Petani seumur-umur jadi tukang sewa


Petani Menyewa ”Tanah Pemerintah” pada era Pemerintahan Kolonial

Dua kebijakan pokok yang dirasakan sangat berpengaruh besar - bahkan hingga saat ini - pada masa pemerintahan kolonial, adalah pengenaan pajak tanah dan mulai berlakunya sistem penyewaan tanah dalam jangka panjang (25 –30 tahun) yang dikenal dengan erfpacht atau tanah dengan Hak Guna Usaha (HGU). Pemerintah kolonial bekerjasama dengan golongan elit feodal (para bupati). Pajak tanah dimulai ketika masa Gubernur Jenderal Raffles. Saat itu, seluruh tanah dianggap sebagai tanah desa, sehingga pemerintah desa menarik pajak tanah berupa natura dari penduduk.

   Lalu, pemerintah Belanda mengeluarkan Undang-Undang Agararia tahun 1870 (Agrarische Wet). Peraturan ini bersifat dualistis, dimana bagi orang asing berlaku hukum Barat, sedangkan bagi rakyat Indonesia berlaku hukum adat. UU ini menjamin kepemilikan pribumi atas hak-hak adat, serta memungkinkan penduduk untuk mendapatkan hak pribadi. Mulai saat itu, dimungkinkan untuk memiliki mutlak (hak eigendom) termasuk hak untuk menyewakannya ke pihak lain. Tujuan untuk melindungi dan memperkuat hak atas tanah bagi bangsa Indonesia asli, ternyata jauh dari harapan (Wiradi, 2000). Apalagi ditambah sikap para raja dan sultan baik di Jawa maupun di Luar Jawa yang lebih tergiur untuk memberikan konsesi kepada para penguasa swasta asing, dibanding memberikannya ke warga sendiri. Konflik pertanahan antara pihak swasta yang didukung pemerintah dengan masyarakat sudah mulai terjadi.

   Era berikutnya, dengan asumsi bahwa tanah adalah milik Belanda, pemerintah melakukan kebijakan sistem sewa tanah kepada petani (Fauzi, 1999: 28). Sistem sewa ini pada dasarnya agar dapat memberikan  kebebasan dan kepastian hukum serta merangsang untuk menanam tanaman dagang kepada petani, bukan benar-benar memberikan penguasaan lahan yang riel kepada petani.

   Jadi, dengan pola penguasaan disewa atau dengan pajak, masih bersifat sepihak yaitu untuk kepentingan diri Belanda belaka. Di era kerajaan maupun Belanda, kondisinya masih sama, petani tetaplah seorang penggarap dengan kewajiban menyerahkan sebagian hasilnya kepada pihak penguasa.
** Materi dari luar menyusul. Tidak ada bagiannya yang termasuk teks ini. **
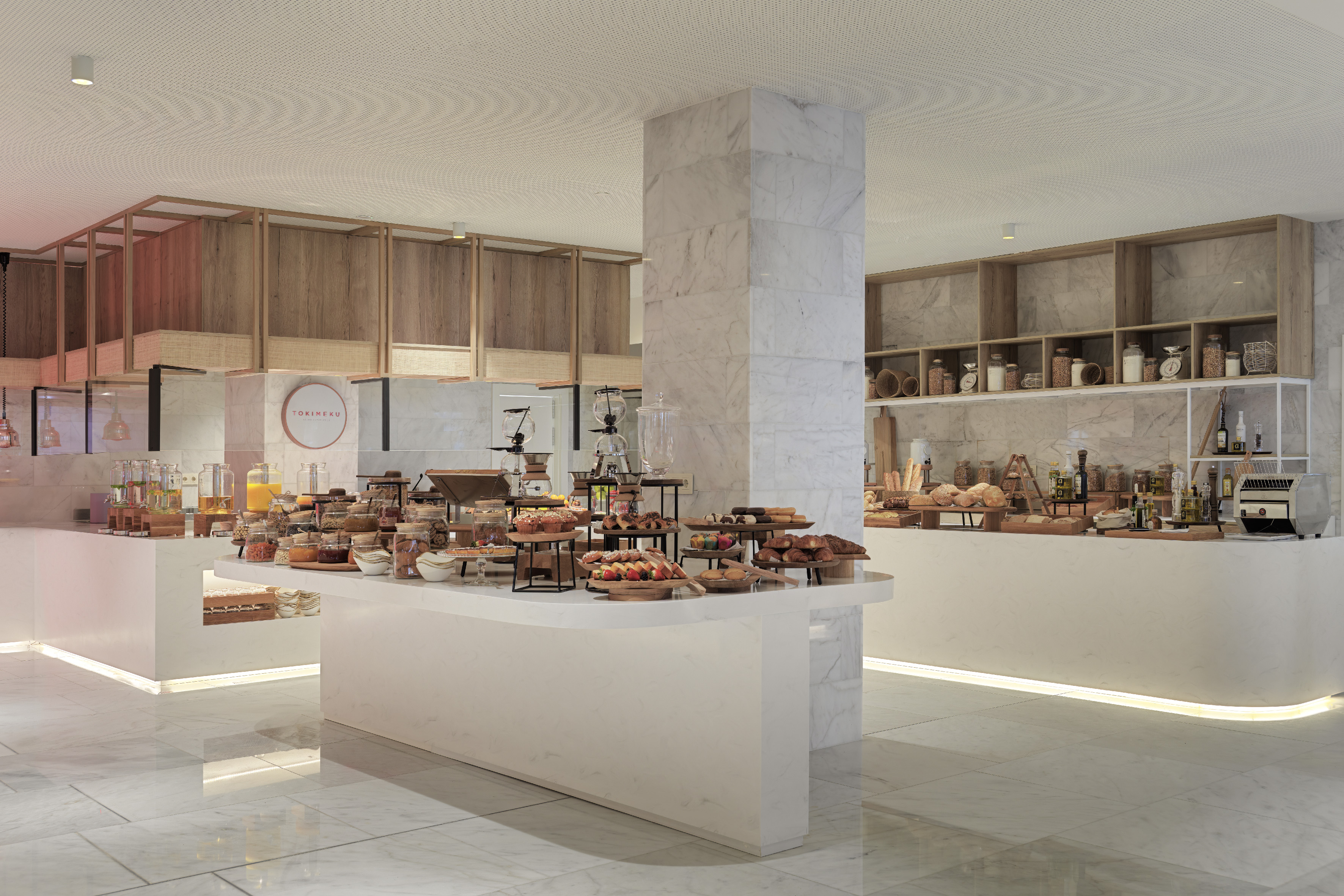 Tokimeku breakfast buffet with pastries, fresh fruit, juices, and bakery items.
   Secara ringkas, sebagaimana dikatakan Husken (1998), pemilik tanah yang jumlahnya sedikit namun menguasai tanah sangat luas dan berkuasa mengatur proses produksi. Mereka memiliki akses kuat ke dunia politik dan menguasai tanah sawah dan pengatur tenaga kerja, sementara para petani sesungguhnya, yang mengolah tanah, memelihara tanaman, mengatur air, dan memanennya;  hanyalah pengikut yang powerless. Saat ini masih dapat dijumpai di Jawa beberapa orang dalam satu jaringan keluarga besar yang memiliki tanah sawah luas, terutama pada lokasi basis tebu di Jawa Tengah dan Timur.